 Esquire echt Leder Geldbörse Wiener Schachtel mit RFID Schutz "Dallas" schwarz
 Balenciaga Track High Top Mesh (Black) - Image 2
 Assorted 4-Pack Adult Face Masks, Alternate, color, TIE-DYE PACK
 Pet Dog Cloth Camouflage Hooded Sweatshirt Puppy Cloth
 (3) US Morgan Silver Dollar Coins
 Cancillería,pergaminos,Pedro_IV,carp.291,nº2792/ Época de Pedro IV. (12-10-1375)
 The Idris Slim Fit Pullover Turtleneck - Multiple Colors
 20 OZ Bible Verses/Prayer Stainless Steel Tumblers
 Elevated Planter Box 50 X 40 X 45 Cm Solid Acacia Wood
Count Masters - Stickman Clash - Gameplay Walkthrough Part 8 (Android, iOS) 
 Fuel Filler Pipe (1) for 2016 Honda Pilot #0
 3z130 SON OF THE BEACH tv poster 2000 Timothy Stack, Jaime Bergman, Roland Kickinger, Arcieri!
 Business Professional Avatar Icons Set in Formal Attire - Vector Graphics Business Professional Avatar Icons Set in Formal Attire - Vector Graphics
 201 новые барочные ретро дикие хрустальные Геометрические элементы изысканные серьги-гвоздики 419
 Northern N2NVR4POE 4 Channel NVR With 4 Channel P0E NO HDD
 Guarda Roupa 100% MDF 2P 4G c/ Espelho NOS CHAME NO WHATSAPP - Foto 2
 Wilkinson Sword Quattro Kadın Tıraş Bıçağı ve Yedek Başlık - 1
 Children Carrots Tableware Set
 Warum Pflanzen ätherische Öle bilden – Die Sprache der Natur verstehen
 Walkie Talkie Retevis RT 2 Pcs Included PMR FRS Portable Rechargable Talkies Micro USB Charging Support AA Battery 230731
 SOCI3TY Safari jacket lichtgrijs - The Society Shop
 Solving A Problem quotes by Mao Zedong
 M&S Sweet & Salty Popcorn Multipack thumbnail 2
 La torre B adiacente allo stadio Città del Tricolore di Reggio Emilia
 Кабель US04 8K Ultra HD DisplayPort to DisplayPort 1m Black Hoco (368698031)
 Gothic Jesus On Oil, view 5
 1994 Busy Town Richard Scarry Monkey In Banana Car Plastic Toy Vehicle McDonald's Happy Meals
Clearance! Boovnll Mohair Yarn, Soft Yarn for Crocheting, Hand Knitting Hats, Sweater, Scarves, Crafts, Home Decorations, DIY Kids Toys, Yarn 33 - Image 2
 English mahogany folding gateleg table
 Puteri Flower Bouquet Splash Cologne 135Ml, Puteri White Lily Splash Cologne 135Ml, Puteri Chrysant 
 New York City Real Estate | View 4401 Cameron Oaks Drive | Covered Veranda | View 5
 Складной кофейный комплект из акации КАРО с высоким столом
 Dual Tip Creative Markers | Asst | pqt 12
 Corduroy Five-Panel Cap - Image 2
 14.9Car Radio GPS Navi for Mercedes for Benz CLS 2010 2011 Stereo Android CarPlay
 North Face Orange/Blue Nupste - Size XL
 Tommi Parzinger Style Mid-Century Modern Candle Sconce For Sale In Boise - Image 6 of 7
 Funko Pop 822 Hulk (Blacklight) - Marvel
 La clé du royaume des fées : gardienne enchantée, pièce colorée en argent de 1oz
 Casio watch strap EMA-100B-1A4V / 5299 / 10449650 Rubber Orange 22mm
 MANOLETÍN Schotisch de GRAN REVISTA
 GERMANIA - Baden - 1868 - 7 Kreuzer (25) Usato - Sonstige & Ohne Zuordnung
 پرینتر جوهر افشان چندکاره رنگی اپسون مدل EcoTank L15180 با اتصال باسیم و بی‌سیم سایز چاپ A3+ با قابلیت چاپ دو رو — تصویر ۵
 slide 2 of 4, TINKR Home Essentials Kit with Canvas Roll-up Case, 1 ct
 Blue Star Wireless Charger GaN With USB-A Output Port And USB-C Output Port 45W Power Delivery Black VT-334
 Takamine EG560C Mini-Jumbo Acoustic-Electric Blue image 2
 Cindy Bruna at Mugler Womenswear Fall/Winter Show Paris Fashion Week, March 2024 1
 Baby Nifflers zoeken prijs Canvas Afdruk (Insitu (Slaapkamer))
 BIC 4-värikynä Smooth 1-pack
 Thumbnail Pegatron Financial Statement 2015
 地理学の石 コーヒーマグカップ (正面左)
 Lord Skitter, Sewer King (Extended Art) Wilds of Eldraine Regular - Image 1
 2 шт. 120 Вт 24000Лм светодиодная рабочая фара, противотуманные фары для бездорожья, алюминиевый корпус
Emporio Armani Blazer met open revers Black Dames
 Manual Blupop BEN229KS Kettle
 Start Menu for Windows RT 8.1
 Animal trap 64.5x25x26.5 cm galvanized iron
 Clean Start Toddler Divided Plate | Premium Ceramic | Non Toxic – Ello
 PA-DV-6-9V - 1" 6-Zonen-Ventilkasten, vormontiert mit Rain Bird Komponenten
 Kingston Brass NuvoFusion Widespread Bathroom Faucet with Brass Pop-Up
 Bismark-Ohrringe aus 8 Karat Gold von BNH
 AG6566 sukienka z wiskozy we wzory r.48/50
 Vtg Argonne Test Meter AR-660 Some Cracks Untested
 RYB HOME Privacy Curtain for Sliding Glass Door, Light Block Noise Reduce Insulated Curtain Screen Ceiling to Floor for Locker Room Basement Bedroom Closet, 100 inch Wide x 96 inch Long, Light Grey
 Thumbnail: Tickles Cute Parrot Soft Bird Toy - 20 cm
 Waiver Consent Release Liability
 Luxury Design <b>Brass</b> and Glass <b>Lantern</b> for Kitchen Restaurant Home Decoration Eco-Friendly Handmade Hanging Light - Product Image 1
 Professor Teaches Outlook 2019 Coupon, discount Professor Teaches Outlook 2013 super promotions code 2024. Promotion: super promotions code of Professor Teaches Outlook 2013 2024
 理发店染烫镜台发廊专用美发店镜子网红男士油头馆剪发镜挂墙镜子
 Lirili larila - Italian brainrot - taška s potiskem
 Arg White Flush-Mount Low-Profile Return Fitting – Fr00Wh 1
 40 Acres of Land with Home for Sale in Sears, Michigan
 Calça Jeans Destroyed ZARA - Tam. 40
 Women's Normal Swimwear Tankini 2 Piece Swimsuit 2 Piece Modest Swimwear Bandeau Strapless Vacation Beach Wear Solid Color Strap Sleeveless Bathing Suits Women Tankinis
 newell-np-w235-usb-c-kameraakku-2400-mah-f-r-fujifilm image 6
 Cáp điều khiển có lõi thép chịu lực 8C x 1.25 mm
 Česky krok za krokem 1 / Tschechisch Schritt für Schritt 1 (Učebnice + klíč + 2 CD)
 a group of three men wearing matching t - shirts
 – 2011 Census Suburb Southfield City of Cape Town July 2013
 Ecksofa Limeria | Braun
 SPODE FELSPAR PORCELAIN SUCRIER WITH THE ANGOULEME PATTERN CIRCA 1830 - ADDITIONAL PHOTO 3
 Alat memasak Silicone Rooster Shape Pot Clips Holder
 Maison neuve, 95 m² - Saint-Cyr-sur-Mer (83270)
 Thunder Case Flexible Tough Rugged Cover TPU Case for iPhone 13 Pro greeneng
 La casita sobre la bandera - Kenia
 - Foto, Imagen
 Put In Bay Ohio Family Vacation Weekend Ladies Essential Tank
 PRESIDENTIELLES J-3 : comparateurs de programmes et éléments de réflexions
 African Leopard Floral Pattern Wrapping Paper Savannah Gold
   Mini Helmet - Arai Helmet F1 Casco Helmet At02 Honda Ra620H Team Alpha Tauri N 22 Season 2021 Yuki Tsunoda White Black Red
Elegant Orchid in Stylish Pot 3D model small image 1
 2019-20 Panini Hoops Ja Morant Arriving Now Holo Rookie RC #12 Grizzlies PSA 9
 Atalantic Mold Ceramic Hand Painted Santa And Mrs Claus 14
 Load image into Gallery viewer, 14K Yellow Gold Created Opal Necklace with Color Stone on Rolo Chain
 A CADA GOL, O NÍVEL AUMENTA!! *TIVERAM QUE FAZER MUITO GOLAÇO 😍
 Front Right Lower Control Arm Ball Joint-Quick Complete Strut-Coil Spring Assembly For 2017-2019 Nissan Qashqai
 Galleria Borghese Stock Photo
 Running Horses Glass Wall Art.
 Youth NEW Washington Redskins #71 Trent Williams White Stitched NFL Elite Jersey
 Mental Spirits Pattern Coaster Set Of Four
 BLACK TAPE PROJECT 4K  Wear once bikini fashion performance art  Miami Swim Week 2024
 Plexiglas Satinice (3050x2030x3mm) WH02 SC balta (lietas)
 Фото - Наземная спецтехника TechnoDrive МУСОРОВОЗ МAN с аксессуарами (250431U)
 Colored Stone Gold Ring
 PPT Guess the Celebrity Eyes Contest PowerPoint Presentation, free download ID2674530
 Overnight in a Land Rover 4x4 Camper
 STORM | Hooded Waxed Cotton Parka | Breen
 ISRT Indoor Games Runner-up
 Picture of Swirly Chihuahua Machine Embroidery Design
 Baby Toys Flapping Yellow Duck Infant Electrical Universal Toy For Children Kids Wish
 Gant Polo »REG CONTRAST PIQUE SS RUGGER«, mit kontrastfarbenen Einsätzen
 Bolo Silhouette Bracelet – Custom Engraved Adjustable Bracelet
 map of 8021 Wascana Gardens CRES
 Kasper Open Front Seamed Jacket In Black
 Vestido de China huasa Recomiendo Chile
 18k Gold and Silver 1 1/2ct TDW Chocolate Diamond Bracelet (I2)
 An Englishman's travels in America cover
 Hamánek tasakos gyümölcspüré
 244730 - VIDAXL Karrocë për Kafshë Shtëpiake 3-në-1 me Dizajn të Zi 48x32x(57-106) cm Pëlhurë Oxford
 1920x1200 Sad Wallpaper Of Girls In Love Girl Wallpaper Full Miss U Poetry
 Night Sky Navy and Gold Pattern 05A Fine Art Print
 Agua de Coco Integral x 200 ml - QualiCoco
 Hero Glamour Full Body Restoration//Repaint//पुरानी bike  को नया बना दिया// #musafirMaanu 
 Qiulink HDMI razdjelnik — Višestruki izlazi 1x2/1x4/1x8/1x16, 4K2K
___
What to work on >>
The entries above hold the needed span. Transcribe exactly the lines from the one with "پرینتر جوهر افشان" to the one with "Waiver Consent Release Liability", both included.

Exercise output >>
 پرینتر جوهر افشان چندکاره رنگی اپسون مدل EcoTank L15180 با اتصال باسیم و بی‌سیم سایز چاپ A3+ با قابلیت چاپ دو رو — تصویر ۵
 slide 2 of 4, TINKR Home Essentials Kit with Canvas Roll-up Case, 1 ct
 Blue Star Wireless Charger GaN With USB-A Output Port And USB-C Output Port 45W Power Delivery Black VT-334
 Takamine EG560C Mini-Jumbo Acoustic-Electric Blue image 2
 Cindy Bruna at Mugler Womenswear Fall/Winter Show Paris Fashion Week, March 2024 1
 Baby Nifflers zoeken prijs Canvas Afdruk (Insitu (Slaapkamer))
 BIC 4-värikynä Smooth 1-pack
 Thumbnail Pegatron Financial Statement 2015
 地理学の石 コーヒーマグカップ (正面左)
 Lord Skitter, Sewer King (Extended Art) Wilds of Eldraine Regular - Image 1
 2 шт. 120 Вт 24000Лм светодиодная рабочая фара, противотуманные фары для бездорожья, алюминиевый корпус
Emporio Armani Blazer met open revers Black Dames
 Manual Blupop BEN229KS Kettle
 Start Menu for Windows RT 8.1
 Animal trap 64.5x25x26.5 cm galvanized iron
 Clean Start Toddler Divided Plate | Premium Ceramic | Non Toxic – Ello
 PA-DV-6-9V - 1" 6-Zonen-Ventilkasten, vormontiert mit Rain Bird Komponenten
 Kingston Brass NuvoFusion Widespread Bathroom Faucet with Brass Pop-Up
 Bismark-Ohrringe aus 8 Karat Gold von BNH
 AG6566 sukienka z wiskozy we wzory r.48/50
 Vtg Argonne Test Meter AR-660 Some Cracks Untested
 RYB HOME Privacy Curtain for Sliding Glass Door, Light Block Noise Reduce Insulated Curtain Screen Ceiling to Floor for Locker Room Basement Bedroom Closet, 100 inch Wide x 96 inch Long, Light Grey
 Thumbnail: Tickles Cute Parrot Soft Bird Toy - 20 cm
 Waiver Consent Release Liability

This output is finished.